Remarks by Ambassador Verma at National Institute of Agricultural Marketing

(As Prepared for Delivery)

Additional Secretary Dalwai, High Commissioner of Afghanistan to India Dr. Shaida Mohammad Abdali, Faculty at National Institute of Agricultural Marketing (NIAM), International participants, and
Ladies and Gentlemen.

Good Afternoon. It gives me immense pleasure to welcome you all at the inauguration of the international training program on “Emerging Trends in Fruits and Vegetable Marketing” under the flagship “Feed the Future India Triangular Training Program.” As I look around this room, I see people who have travelled far and wide to participate in this two-week training at India’s premier institute — the National Institute for Agricultural Marketing here in this majestic city of Jaipur.

A few months ago, I launched the Feed the Future India Triangular Training program in the presence of Secretary of Agriculture Shri Shobhana Pattanayak and fellow Ambassadors, united by the vision that the second phase of this triangular capacity building program can achieve. This exemplifies the continued partnership between the United States and India in supporting the institutional and human resource development across Africa and Asia. Today, as I stand in front of more than 25 participants representing policy-makers, governments, private sector, and civil society from nine countries around the world, I am proud of what we have achieved.

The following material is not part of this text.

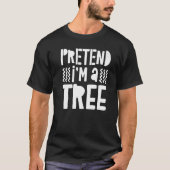 Pretend I'm A Tree T-shirt (Voorkant)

At this juncture, I would like to thank the Government of India for its dedication and leadership in moving this initiative forward and our partner nations in Africa and Asia for their joint-commitment in helping to end extreme poverty and hunger.

U.S.-India-Africa Triangular Training Program

This renewed partnership would not have been possible without the overwhelming success of the first phase of U.S.-India-Africa Triangular Training program, which was spearheaded by MANAGE and NIAM from 2012-2015. My predecessor, Ambassador Nancy Powell was here in 2014 to inaugurate one of the training programs that not only trained several agricultural professionals from Kenya, Liberia and Malawi, but also helped in transferring some of India’s innovative agricultural practices to these countries. It is inspiring that some of the professionals who were trained here actually went on to train thousands of farmers. Those farmers successfully adopted and are now implementing new and improved farming practices that are increasing their productivity and income.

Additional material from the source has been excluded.